Jun 30, 2016 (Gmt+09:00)

10 Hudson YardsTwo South Korean asset management firms will start to raise about 400 billion won ($346 million) in a mezzanine fund from this week to invest in 10 Hudson Yards, a new skyscraper located in Manhattan’s West Side, a local newspaper reported on June 29.

Shinhan BNP Paribas Asset Management and Hyundai Investments will kick off the fund-raising from domestic insurance companies and other institutions, targeting an expected return of 4~5% a year, the Maeil Business Newspaper said, citing investment banking sources. A majority of South Korean insurance firms are considering participating in the mezzanine fund.

The fund-raising reflects growing interest in U.S. property loan funds among South Korean insurers suffering from reverse margins.
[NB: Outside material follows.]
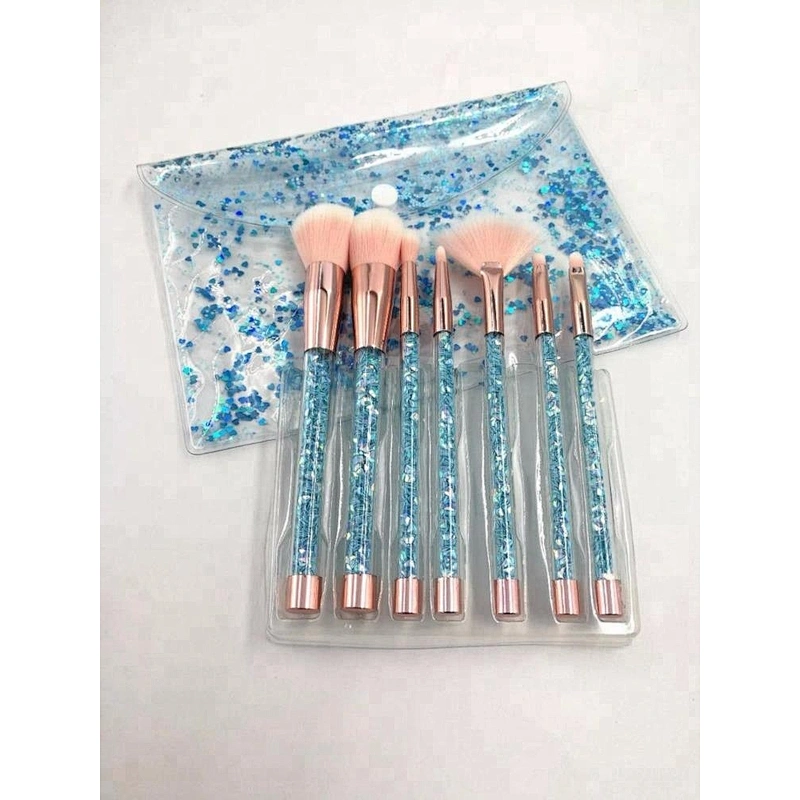 7PCS beautiful cosmetic makeup brush set for young pretty yong lady 2018 Makeup Brushes Set Cosmetic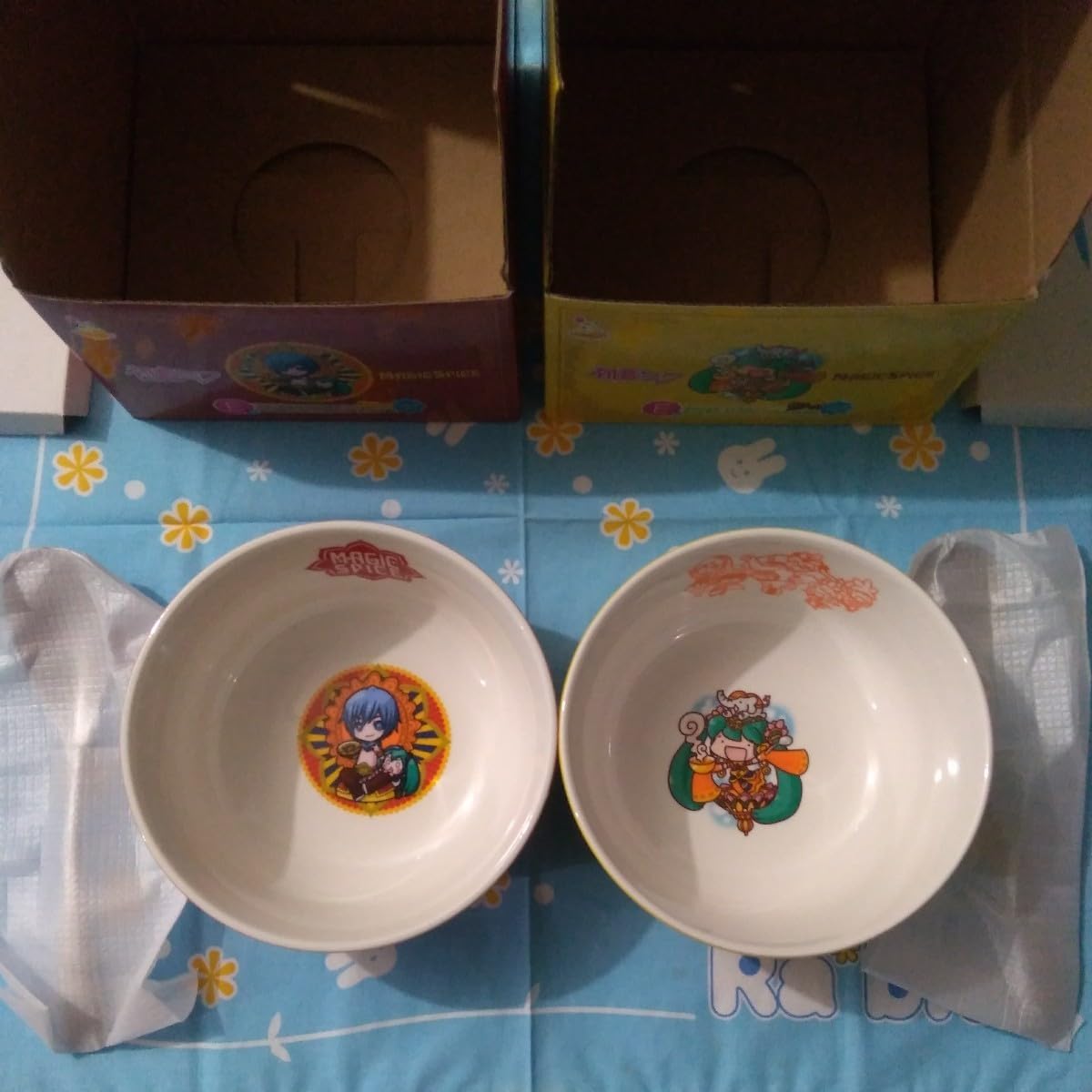 マイセン ベーシックフラワー 3つの花 カレー皿6枚セット Meissen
So far this year, South Korean insurers have bought a combined 1 trillion won worth of U.S. property loans, and the amount is expected to reach 2 trillion won by the year’s end, according to the newspaper.

10 Hudson Yards is the first to open in the Hudson Yards mega project. The 52-story office tower has a floor area of 1.7 million square feet and consists of two office buildings and a shopping mall. The daily added that the new building is valued at about 2.5 trillion won.

Earlier this month, NongHyup Life Insurance and five other South Korean insurance companies invested about 240 billion won in the “Atlantic Building” in Washington D.C., targeting an annual return of the 4% level for the duration of 10 years. Under the investment, they bought senior loans collateralized by the building, the newspaper said.

Last month, three local insurance companies bought about 230 billion won worth of senior loans issued by a medical office building in a major city in the United States. In April, Mirae Asset Life Insurance and other investors purchased about 93 billion won of mezzanine debt of “Hotel del Coronado”, a beachside resort hotel in San Diego.

“Property-collateralized loans generate low but stable returns. Thus, they are appropriate investments for conservative investors such as insurance companies,” the daily quoted an unnamed industry source as saying. “Because of the smaller impact on the RBC (risk-based capital) ratio than stocks, insurance companies favor them."